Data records

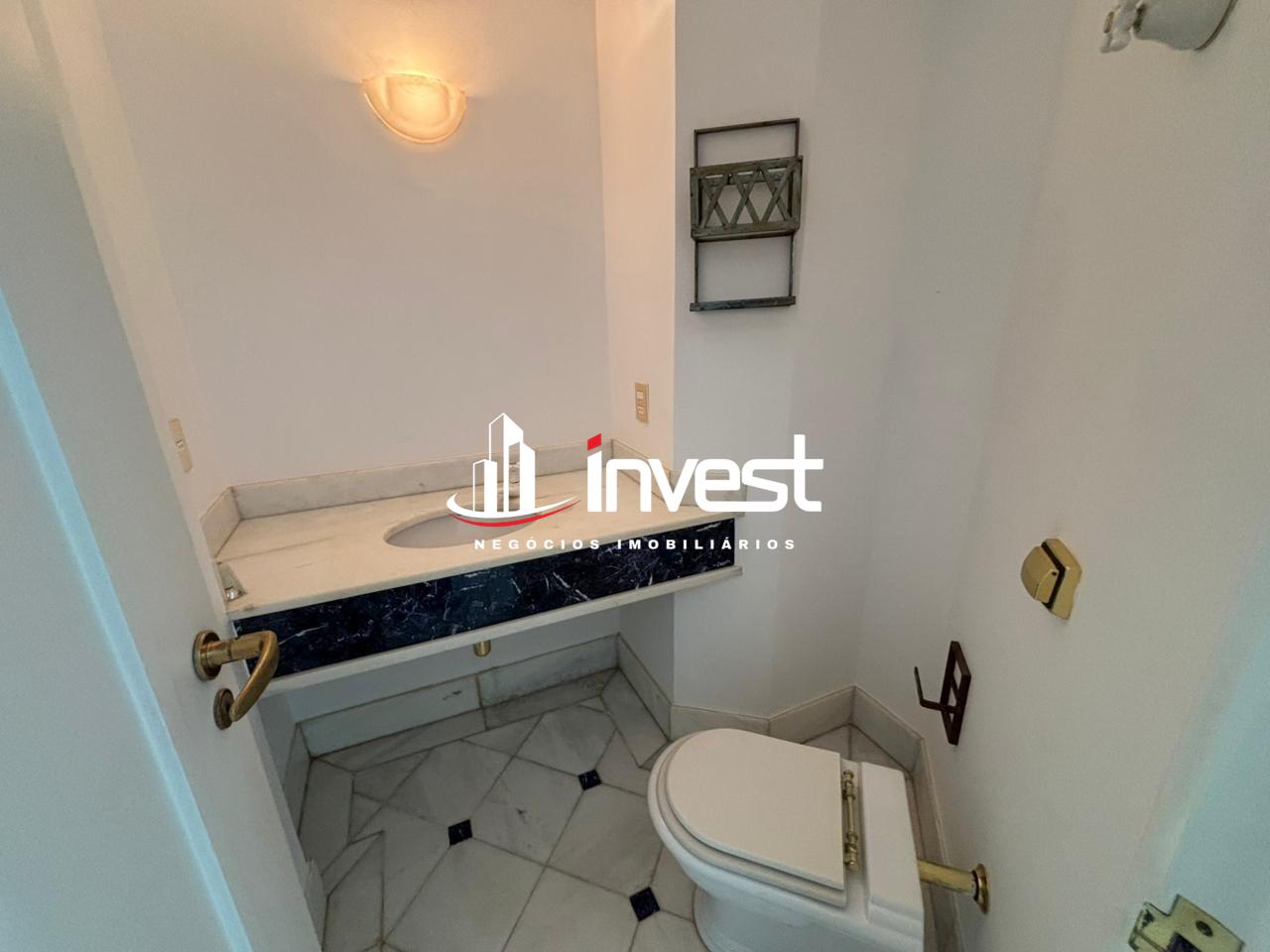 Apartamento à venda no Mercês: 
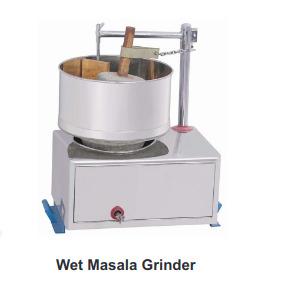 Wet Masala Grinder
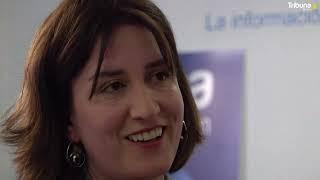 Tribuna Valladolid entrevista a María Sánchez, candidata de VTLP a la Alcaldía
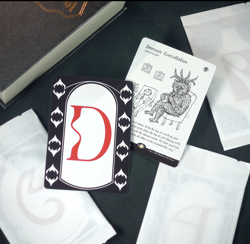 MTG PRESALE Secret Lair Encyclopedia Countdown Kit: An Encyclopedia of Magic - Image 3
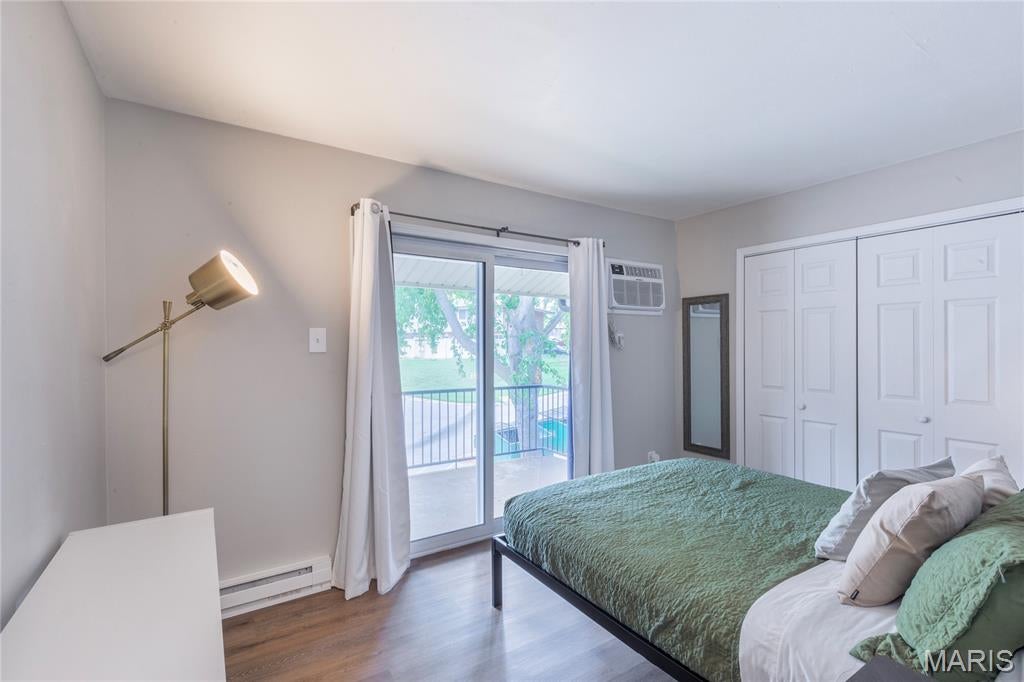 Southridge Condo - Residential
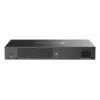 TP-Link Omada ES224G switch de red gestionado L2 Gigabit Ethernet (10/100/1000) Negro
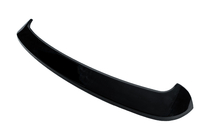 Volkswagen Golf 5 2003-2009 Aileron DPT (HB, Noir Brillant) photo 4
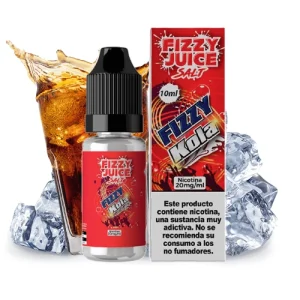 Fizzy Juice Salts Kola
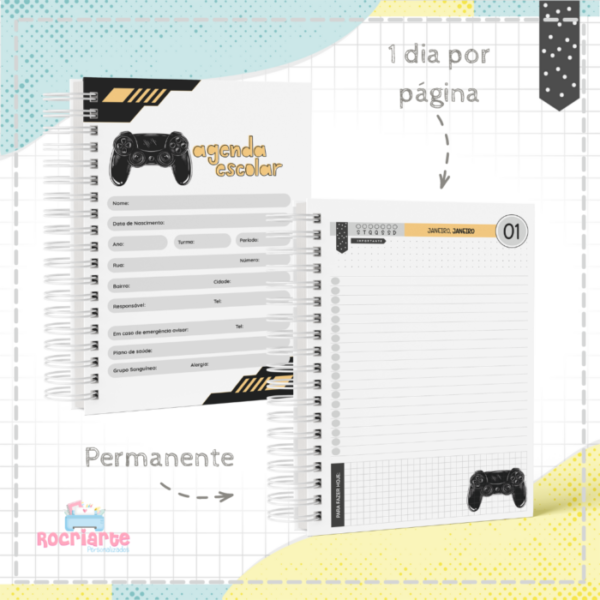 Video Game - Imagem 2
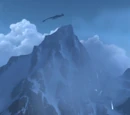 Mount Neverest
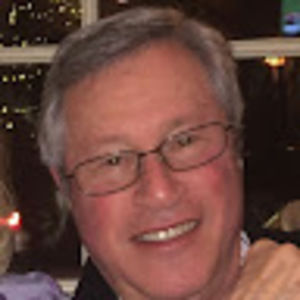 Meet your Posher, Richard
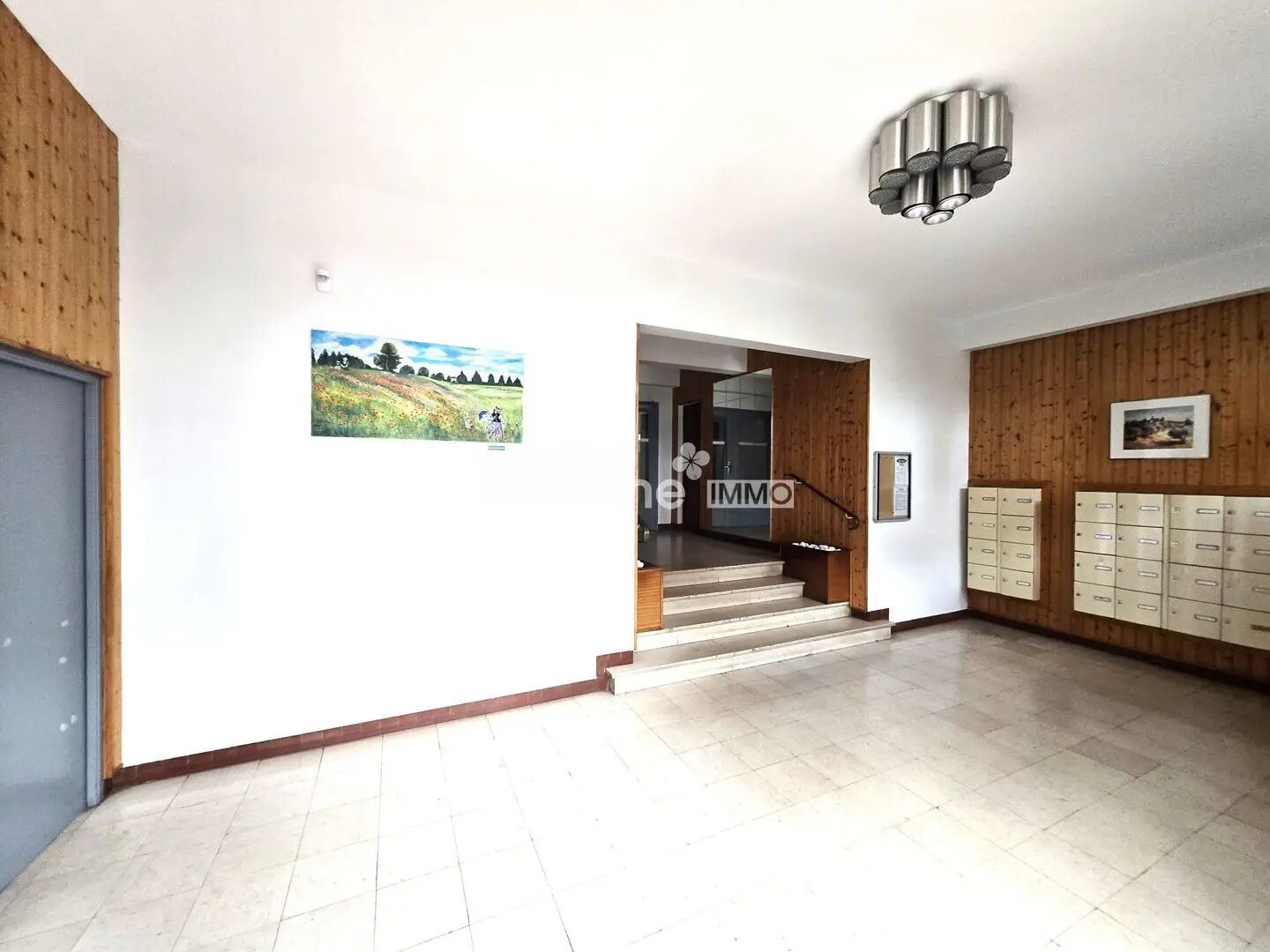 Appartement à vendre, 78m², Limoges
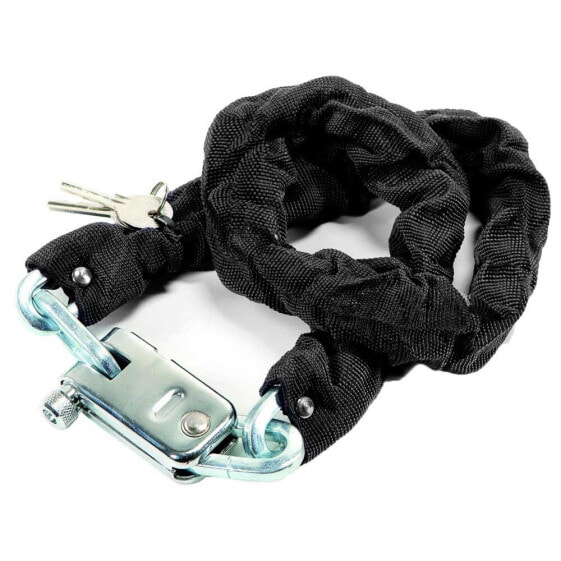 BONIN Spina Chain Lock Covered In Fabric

Activity
Stop after the line containing "Appartement à vendre, 78m², Limoges": copy the records exactly from the first line up to there, leaving pictures out.

Written response
 Apartamento à venda no Mercês: 
 Wet Masala Grinder
 Tribuna Valladolid entrevista a María Sánchez, candidata de VTLP a la Alcaldía
 MTG PRESALE Secret Lair Encyclopedia Countdown Kit: An Encyclopedia of Magic - Image 3
 Southridge Condo - Residential
 TP-Link Omada ES224G switch de red gestionado L2 Gigabit Ethernet (10/100/1000) Negro
 Volkswagen Golf 5 2003-2009 Aileron DPT (HB, Noir Brillant) photo 4
 Fizzy Juice Salts Kola
 Video Game - Imagem 2
 Mount Neverest
 Meet your Posher, Richard
 Appartement à vendre, 78m², Limoges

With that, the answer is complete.